====== Records for this task
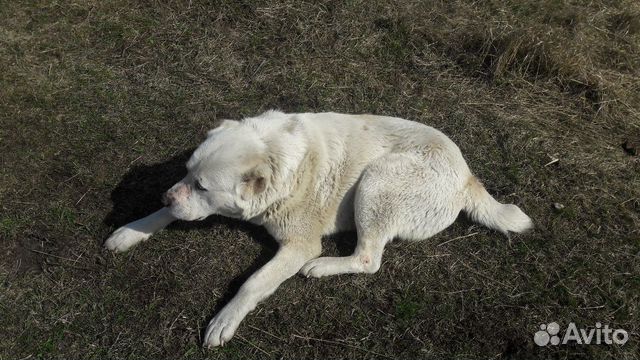 Сторожевая собака "Алабай" купить на Зозу.ру - фотография № 1
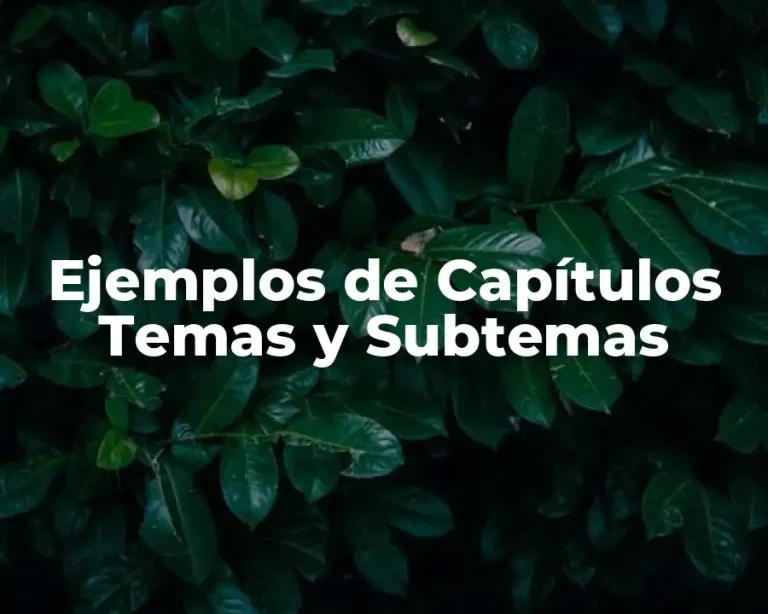 Ejemplos de Capítulos Temas y Subtemas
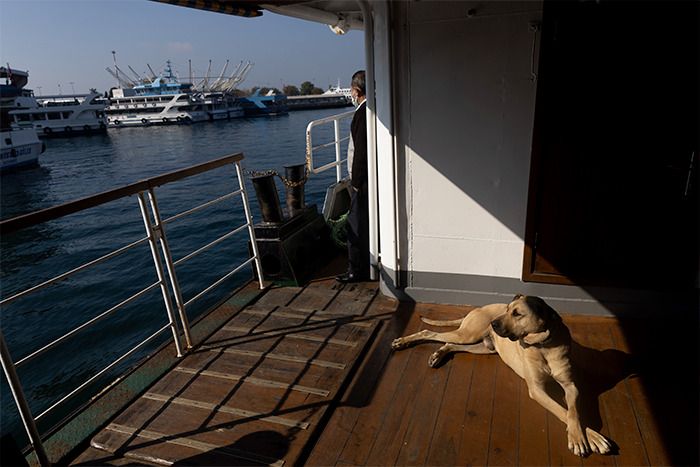 Cachorro fica famoso em Istambul por andar de ônibus sozinho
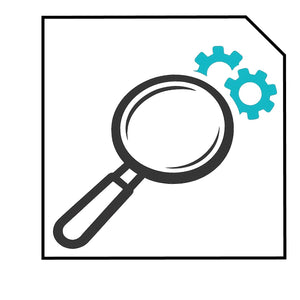 Revisione e Manutenzione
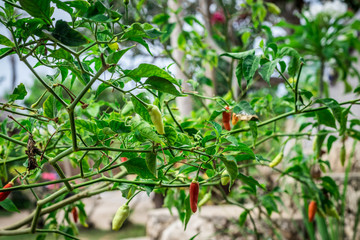 Close Up Red chili peppers on the tree in tropical garden in the mountains. Nusa Lembongan island, Indonesia.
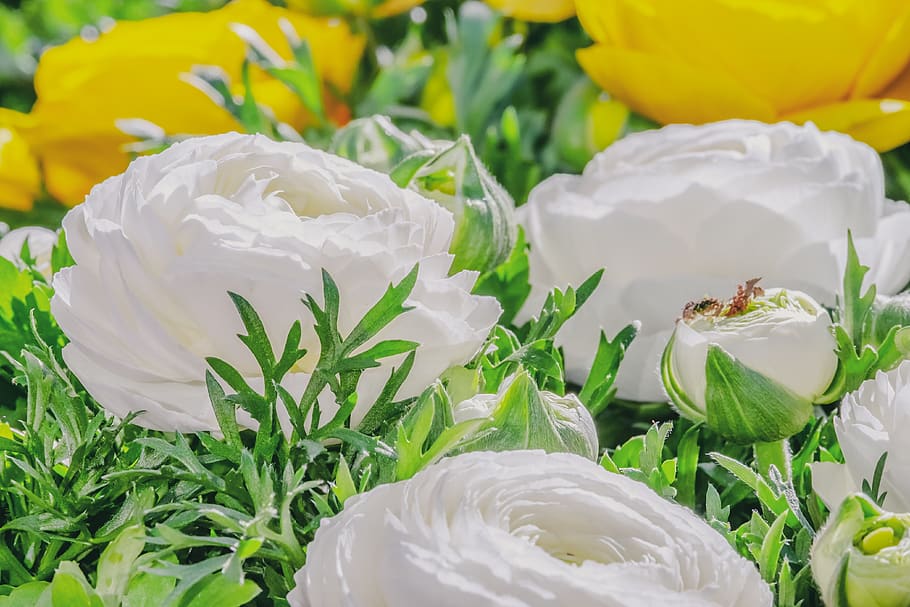 ranunculus, flower, petals, white, romantic, tender, ranunculus flower HD wallpaper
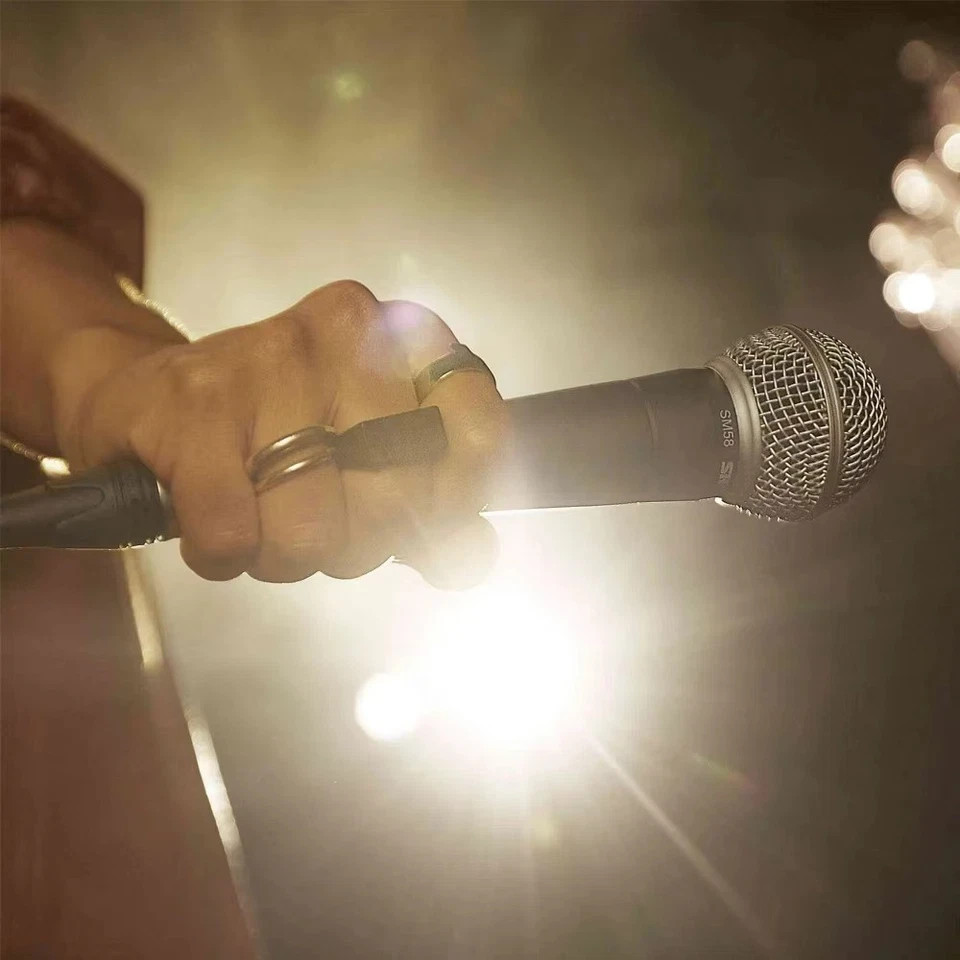 SM58 Style Dynamic Microphone No (on/off) Switch Handheld Vocal Mic Studio Live*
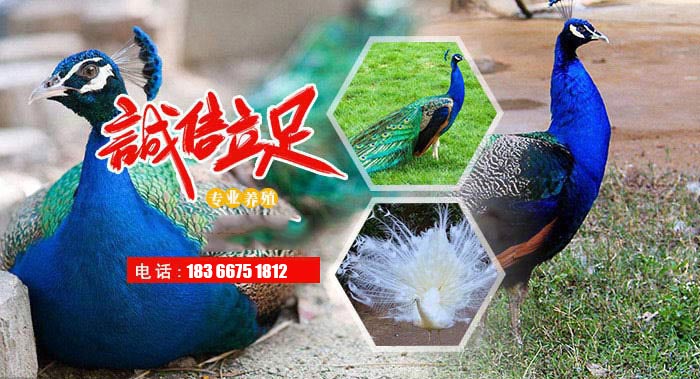 无缝钢管 无缝钢管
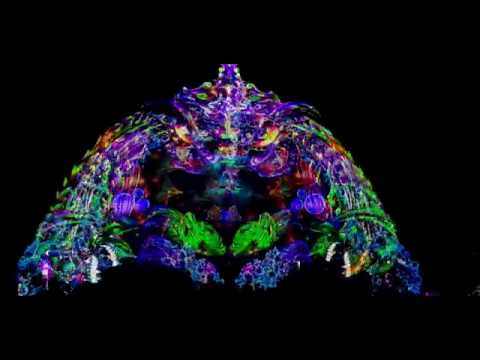 HIGH STAGE Festival #1 @ VJ Vacão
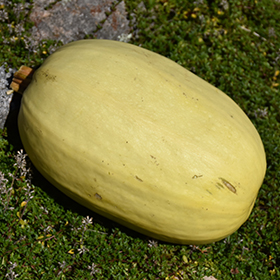 Plant Photo 10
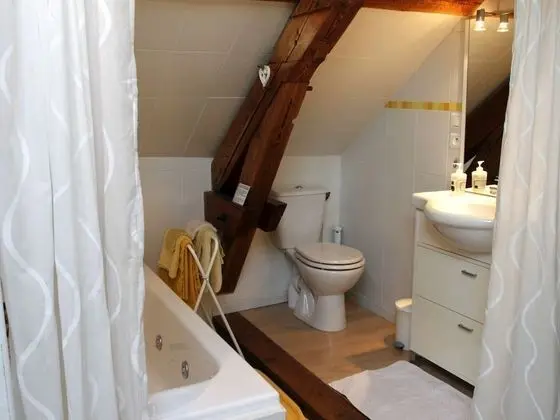 Üç Kişilik Oda, Banyolu/Duşlu (Chambre Lucile)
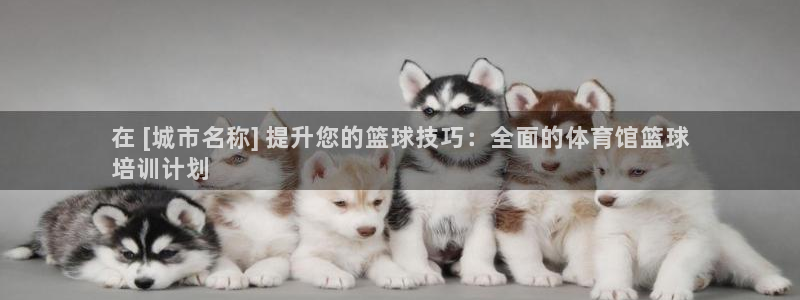 耀世娱乐是不是很黑呀：在 [城市名称] 提升您的篮球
============
_Activity_:
The line that contains "SM58 Style Dynamic" begins the part to retype, and the last line of the records above ends it. Retype both and everything between, exactly, without the pictures.

_Solution below_:
 SM58 Style Dynamic Microphone No (on/off) Switch Handheld Vocal Mic Studio Live*
 无缝钢管 无缝钢管
 HIGH STAGE Festival #1 @ VJ Vacão
 Plant Photo 10
 Üç Kişilik Oda, Banyolu/Duşlu (Chambre Lucile)
 耀世娱乐是不是很黑呀：在 [城市名称] 提升您的篮球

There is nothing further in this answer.